• Data extract:

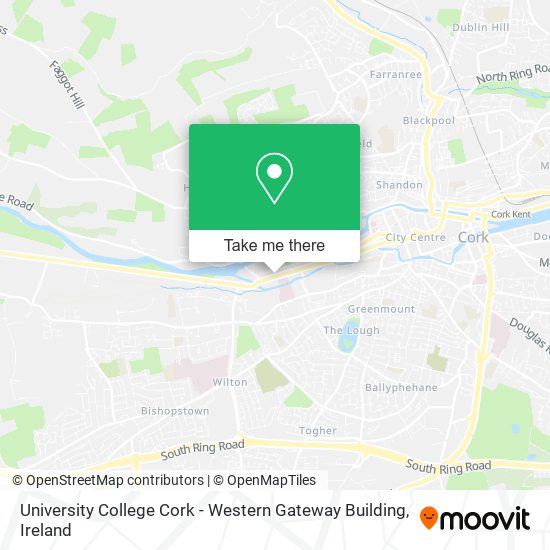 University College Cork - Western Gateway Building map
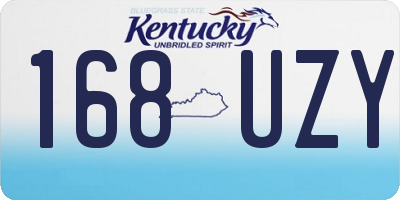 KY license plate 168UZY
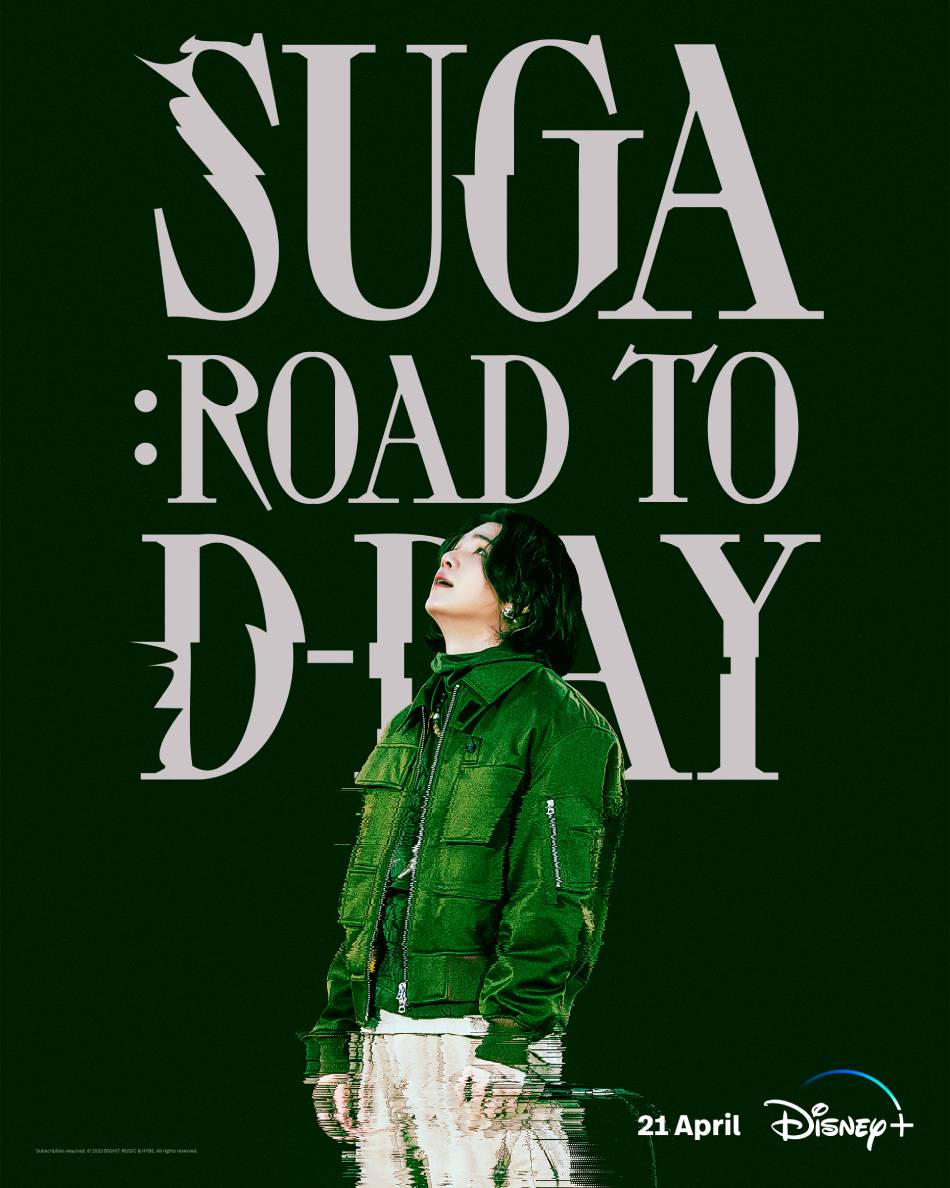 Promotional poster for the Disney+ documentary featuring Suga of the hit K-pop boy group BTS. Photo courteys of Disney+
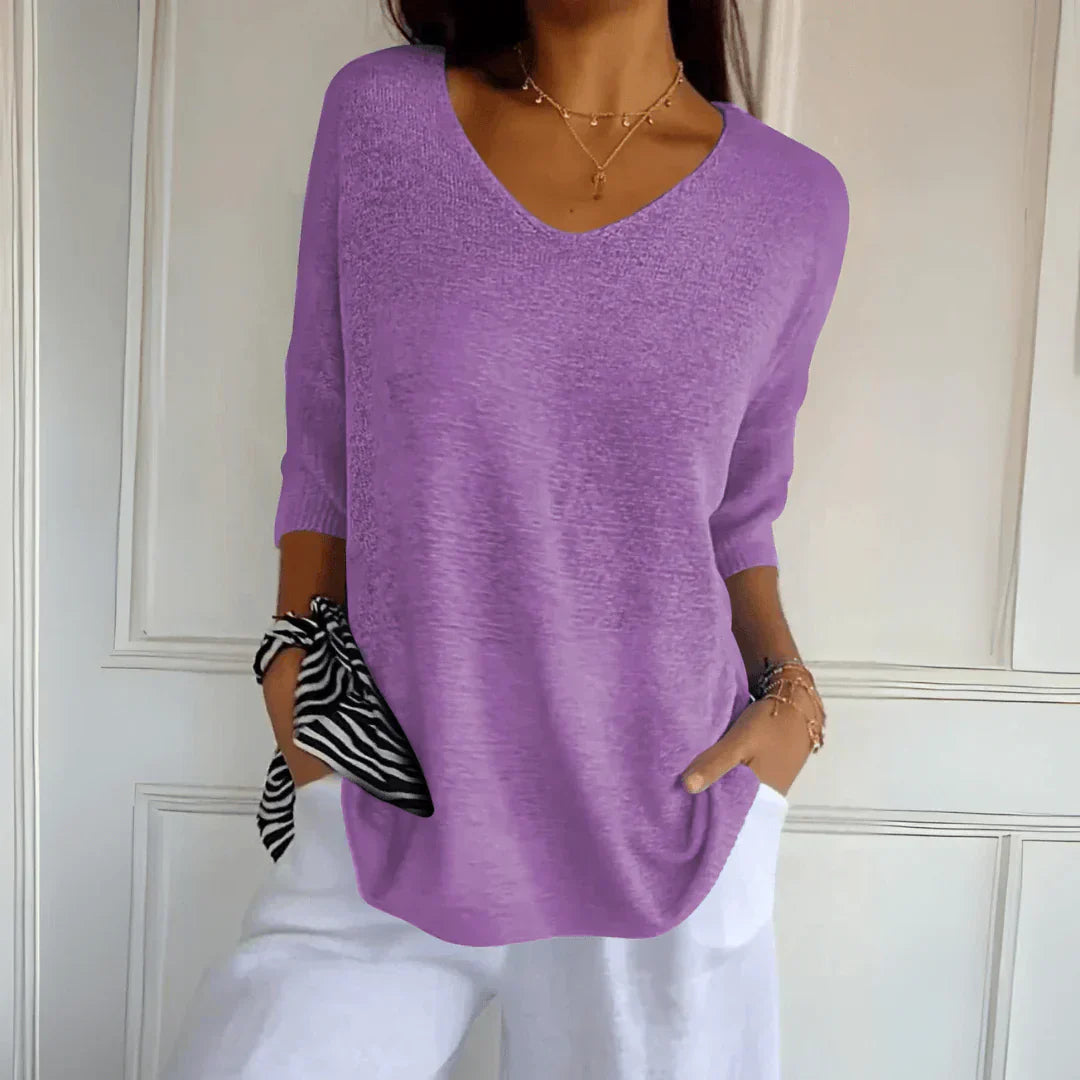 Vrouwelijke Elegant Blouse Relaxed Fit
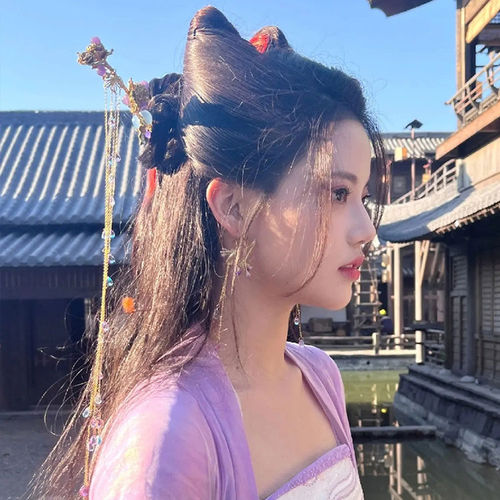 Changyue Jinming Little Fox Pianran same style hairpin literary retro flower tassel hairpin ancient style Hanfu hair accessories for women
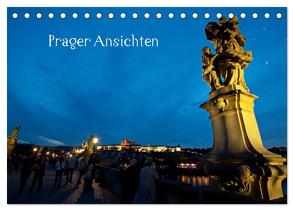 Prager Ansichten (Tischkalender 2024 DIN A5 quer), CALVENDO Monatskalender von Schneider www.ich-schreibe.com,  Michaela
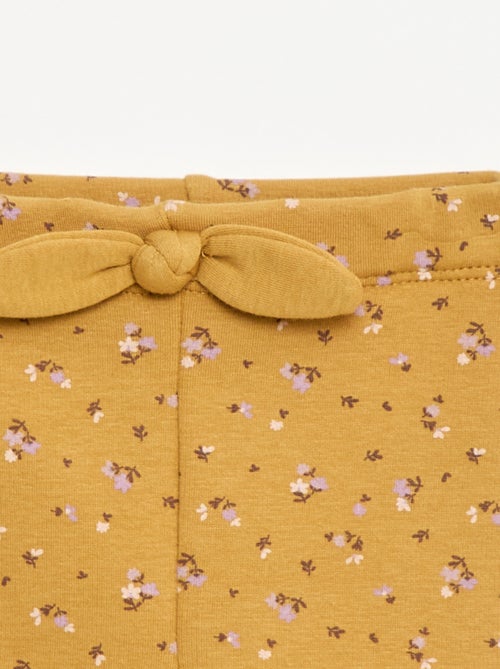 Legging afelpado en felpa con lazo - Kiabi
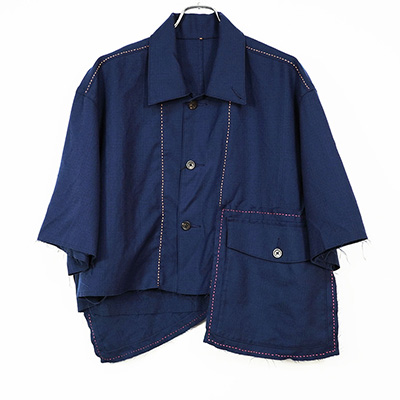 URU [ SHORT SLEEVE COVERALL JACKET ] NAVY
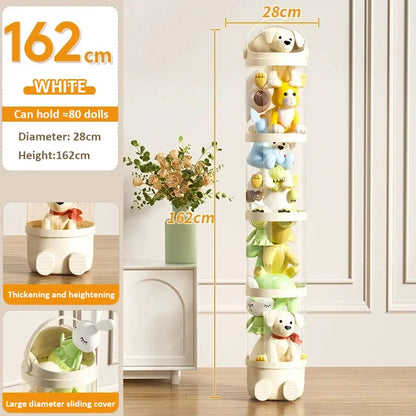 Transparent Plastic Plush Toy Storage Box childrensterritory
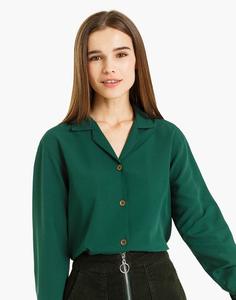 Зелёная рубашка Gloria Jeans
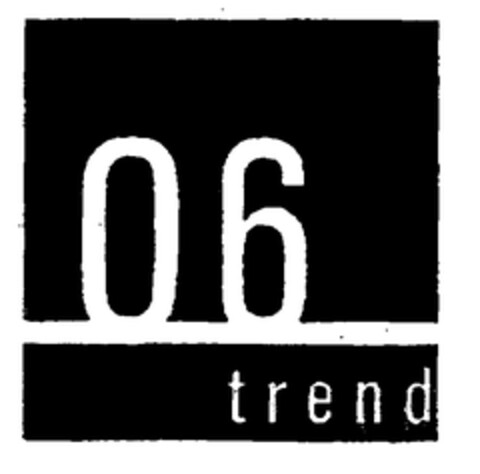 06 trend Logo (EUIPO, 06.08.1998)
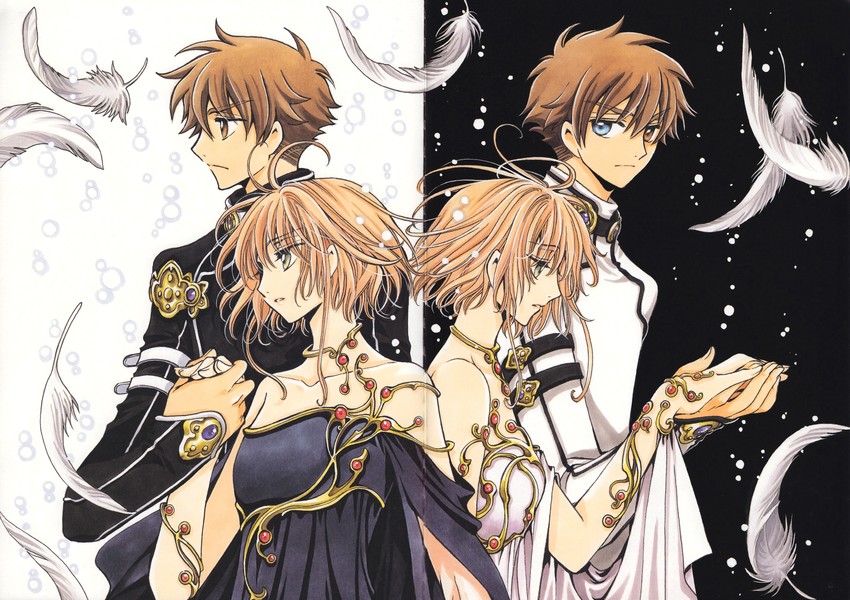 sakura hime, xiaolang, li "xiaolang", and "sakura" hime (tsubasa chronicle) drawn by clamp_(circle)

• What this task involves:
Taking the records above, print only and exactly the lines from the line with "Prager Ansichten (Tischkalender" to the line with "06 trend Logo (EUIPO, 06.08.1998)", both kept, and exclude pictures.

• Answer space:
 Prager Ansichten (Tischkalender 2024 DIN A5 quer), CALVENDO Monatskalender von Schneider www.ich-schreibe.com,  Michaela
 Legging afelpado en felpa con lazo - Kiabi
 URU [ SHORT SLEEVE COVERALL JACKET ] NAVY
 Transparent Plastic Plush Toy Storage Box childrensterritory
 Зелёная рубашка Gloria Jeans
 06 trend Logo (EUIPO, 06.08.1998)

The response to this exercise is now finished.